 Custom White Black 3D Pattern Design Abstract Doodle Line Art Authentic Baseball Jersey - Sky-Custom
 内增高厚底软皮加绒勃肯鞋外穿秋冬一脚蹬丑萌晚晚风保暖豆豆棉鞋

***

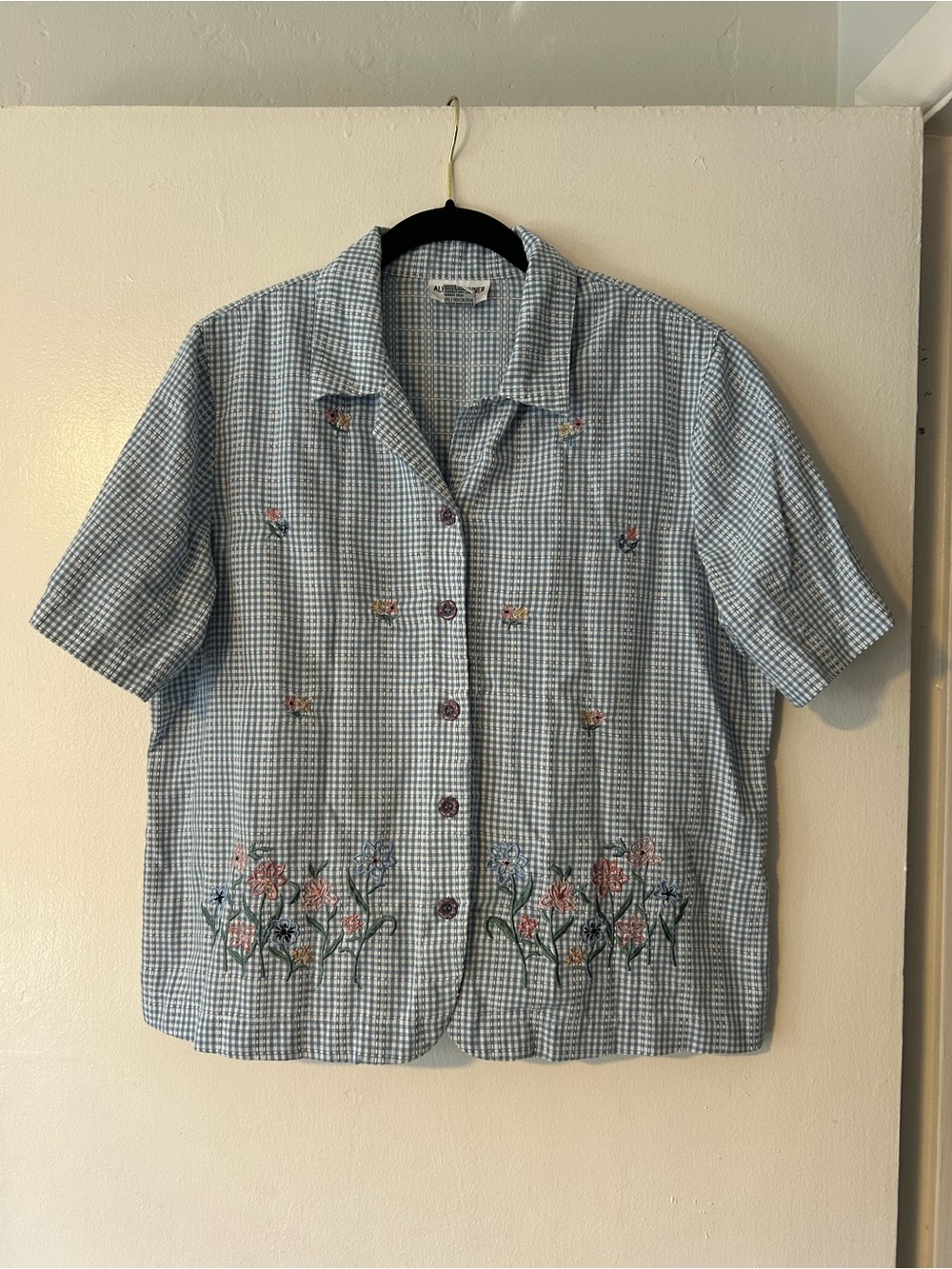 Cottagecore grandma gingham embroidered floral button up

***

Your answer should be the lines of the listing above between the line holding "Custom White Black" and the line holding "内增高厚底软皮加绒勃肯鞋外穿秋冬一脚蹬丑萌晚晚风保暖豆豆棉鞋", inclusive, restated word for word and alone.

 Custom White Black 3D Pattern Design Abstract Doodle Line Art Authentic Baseball Jersey - Sky-Custom
 内增高厚底软皮加绒勃肯鞋外穿秋冬一脚蹬丑萌晚晚风保暖豆豆棉鞋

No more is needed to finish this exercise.